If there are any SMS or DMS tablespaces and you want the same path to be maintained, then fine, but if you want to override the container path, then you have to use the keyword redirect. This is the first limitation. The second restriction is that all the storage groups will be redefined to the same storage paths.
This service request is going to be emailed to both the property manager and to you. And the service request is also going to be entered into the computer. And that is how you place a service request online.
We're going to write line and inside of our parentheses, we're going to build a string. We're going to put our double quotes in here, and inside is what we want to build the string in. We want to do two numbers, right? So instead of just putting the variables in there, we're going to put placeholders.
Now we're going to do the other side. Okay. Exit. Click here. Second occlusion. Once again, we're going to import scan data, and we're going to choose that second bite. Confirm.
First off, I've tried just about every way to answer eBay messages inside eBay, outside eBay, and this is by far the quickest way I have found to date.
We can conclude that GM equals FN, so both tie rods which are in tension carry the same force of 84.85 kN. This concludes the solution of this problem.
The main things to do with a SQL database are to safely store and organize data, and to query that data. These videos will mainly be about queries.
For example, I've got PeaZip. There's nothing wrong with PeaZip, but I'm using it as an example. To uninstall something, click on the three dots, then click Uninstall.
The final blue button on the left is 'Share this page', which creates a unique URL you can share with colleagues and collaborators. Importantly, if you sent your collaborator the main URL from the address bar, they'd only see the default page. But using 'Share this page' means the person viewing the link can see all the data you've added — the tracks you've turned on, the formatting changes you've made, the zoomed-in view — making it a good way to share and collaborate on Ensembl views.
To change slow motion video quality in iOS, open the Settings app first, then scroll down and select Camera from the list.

→ **Task to complete**:
Copy out each line of the records where the word "then" appears.

→ **Result**:
If there are any SMS or DMS tablespaces and you want the same path to be maintained, then fine, but if you want to override the container path, then you have to use the keyword redirect. This is the first limitation. The second restriction is that all the storage groups will be redefined to the same storage paths.
For example, I've got PeaZip. There's nothing wrong with PeaZip, but I'm using it as an example. To uninstall something, click on the three dots, then click Uninstall.
To change slow motion video quality in iOS, open the Settings app first, then scroll down and select Camera from the list.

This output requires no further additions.